[Opening INFORMATION SUPPLIED section]
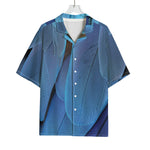 Blue Feather Print Rayon Hawaiian Shirt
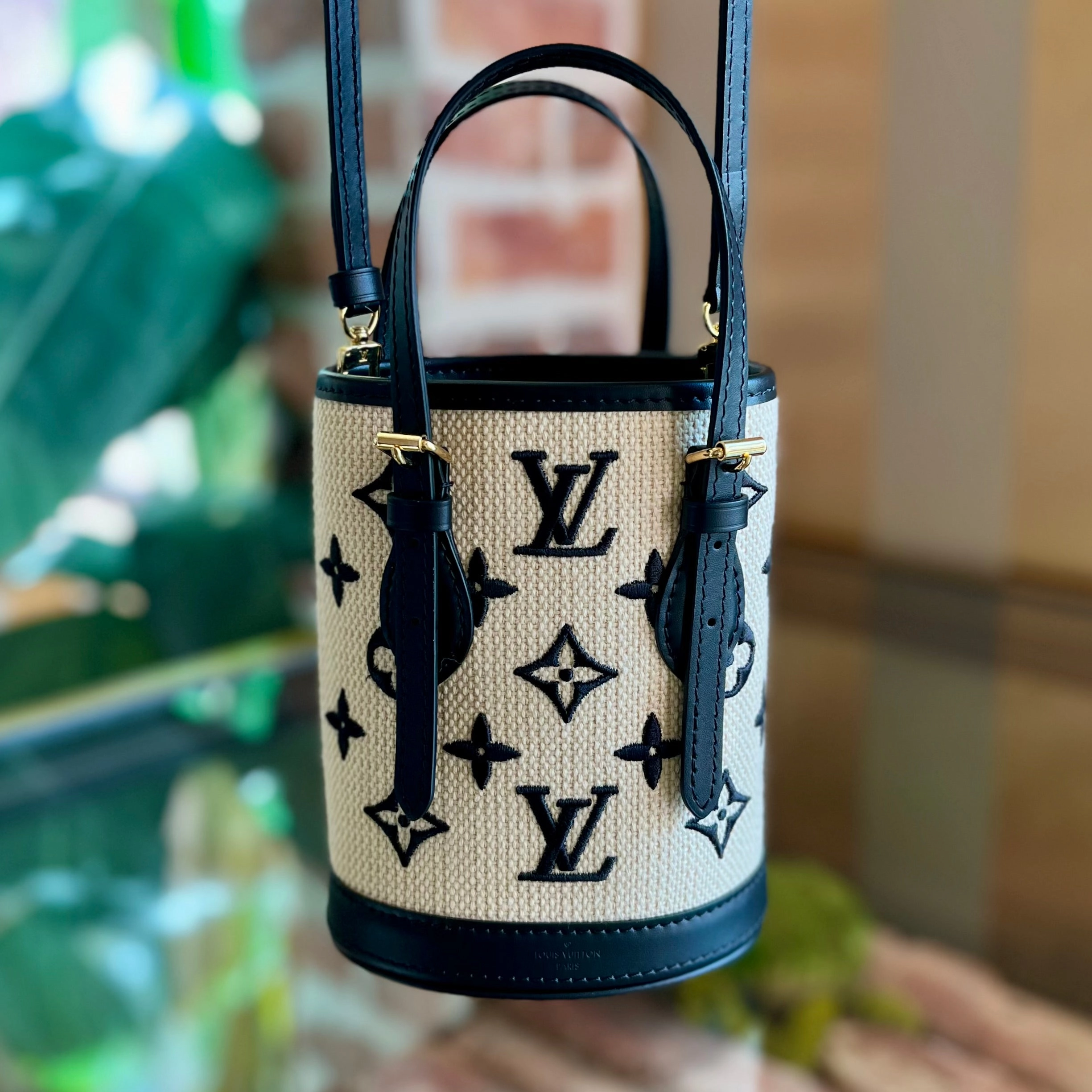 LOUIS VUITTON Black Monogram Nano Bucket Bag TS3989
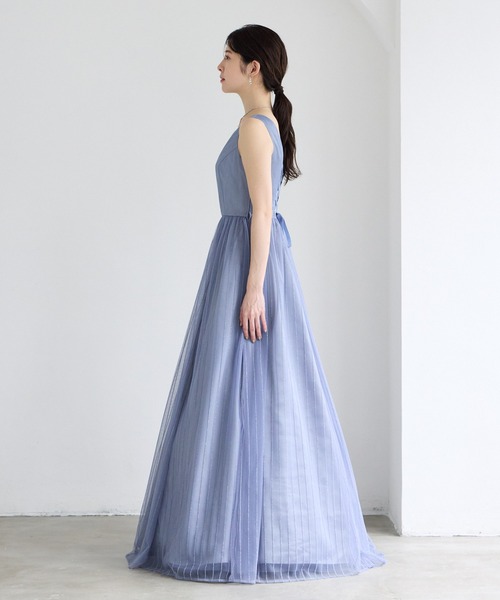 AIMER（エメ） ドレス 「WEB限定」ストライプ柄ラメ刺繍チュールロング
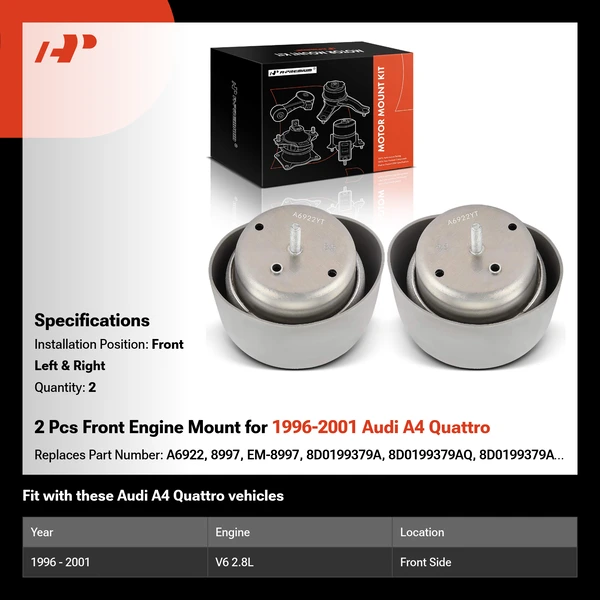 2 Pcs Front Engine Mount for 1996-2001 Audi A4 Quattro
[Closing INFORMATION SUPPLIED section]
WORK TO COMPLETE: Output the full listing verbatim, but drop the images.

RESULT:
 Blue Feather Print Rayon Hawaiian Shirt
 LOUIS VUITTON Black Monogram Nano Bucket Bag TS3989
 AIMER（エメ） ドレス 「WEB限定」ストライプ柄ラメ刺繍チュールロング
 2 Pcs Front Engine Mount for 1996-2001 Audi A4 Quattro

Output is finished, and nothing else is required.